Exercise ▸ Among the entries below, one stretch runs from the line that contains "Wonder Nuggets Training" through the line that contains "Vintage Alorna Wool". Repeat that stretch exactly, ends included, and only that.

[Dataset excerpts]
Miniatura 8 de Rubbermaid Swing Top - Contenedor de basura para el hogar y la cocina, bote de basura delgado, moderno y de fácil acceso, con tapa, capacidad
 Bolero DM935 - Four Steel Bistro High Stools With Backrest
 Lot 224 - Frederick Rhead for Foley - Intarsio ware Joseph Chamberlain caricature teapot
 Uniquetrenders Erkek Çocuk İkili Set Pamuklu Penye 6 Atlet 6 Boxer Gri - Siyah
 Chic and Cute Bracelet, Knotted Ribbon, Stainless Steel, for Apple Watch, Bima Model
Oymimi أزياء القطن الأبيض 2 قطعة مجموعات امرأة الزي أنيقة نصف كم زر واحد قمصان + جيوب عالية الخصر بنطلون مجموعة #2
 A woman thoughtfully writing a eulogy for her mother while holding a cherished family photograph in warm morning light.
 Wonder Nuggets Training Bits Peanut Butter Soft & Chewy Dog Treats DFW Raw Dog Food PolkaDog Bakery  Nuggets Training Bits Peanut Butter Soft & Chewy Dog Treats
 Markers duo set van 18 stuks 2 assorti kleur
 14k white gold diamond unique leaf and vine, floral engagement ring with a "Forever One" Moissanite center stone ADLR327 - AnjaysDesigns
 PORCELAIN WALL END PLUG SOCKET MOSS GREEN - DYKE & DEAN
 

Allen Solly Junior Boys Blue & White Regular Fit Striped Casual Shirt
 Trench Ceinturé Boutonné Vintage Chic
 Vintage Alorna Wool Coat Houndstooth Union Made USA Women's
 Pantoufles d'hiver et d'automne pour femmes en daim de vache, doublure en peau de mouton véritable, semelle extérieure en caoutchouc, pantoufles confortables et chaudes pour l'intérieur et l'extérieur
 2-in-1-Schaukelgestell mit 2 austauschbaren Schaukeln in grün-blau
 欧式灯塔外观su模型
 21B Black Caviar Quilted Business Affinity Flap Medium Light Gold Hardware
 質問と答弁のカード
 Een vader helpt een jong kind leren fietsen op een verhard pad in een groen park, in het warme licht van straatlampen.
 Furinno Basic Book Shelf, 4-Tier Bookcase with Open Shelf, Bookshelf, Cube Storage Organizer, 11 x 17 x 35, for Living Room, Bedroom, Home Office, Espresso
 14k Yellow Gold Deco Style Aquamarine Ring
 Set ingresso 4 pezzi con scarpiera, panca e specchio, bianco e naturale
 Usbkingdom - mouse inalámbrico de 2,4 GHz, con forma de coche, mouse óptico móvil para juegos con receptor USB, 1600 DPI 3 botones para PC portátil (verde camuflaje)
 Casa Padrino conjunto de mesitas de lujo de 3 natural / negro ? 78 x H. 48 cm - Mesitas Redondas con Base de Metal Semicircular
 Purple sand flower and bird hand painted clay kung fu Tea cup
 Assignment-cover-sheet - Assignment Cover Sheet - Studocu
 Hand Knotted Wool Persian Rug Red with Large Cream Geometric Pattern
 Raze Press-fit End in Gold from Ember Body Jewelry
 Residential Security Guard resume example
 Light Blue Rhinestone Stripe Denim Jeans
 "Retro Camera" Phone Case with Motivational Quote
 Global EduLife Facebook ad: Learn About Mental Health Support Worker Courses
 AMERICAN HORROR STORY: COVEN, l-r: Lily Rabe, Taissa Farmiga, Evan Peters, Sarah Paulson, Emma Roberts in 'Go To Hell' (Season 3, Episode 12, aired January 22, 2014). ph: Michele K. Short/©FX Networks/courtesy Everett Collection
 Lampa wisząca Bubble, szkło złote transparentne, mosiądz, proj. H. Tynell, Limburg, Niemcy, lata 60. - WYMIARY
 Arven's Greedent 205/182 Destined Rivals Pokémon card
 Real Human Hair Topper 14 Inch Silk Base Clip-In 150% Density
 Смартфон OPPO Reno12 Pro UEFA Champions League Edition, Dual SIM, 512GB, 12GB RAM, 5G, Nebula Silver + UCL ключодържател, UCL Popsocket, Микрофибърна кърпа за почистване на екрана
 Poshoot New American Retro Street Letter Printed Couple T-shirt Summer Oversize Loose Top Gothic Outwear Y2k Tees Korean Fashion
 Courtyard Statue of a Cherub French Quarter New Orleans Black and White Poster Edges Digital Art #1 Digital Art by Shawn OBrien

The completed task ▸
 Wonder Nuggets Training Bits Peanut Butter Soft & Chewy Dog Treats DFW Raw Dog Food PolkaDog Bakery  Nuggets Training Bits Peanut Butter Soft & Chewy Dog Treats
 Markers duo set van 18 stuks 2 assorti kleur
 14k white gold diamond unique leaf and vine, floral engagement ring with a "Forever One" Moissanite center stone ADLR327 - AnjaysDesigns
 PORCELAIN WALL END PLUG SOCKET MOSS GREEN - DYKE & DEAN
 

Allen Solly Junior Boys Blue & White Regular Fit Striped Casual Shirt
 Trench Ceinturé Boutonné Vintage Chic
 Vintage Alorna Wool Coat Houndstooth Union Made USA Women's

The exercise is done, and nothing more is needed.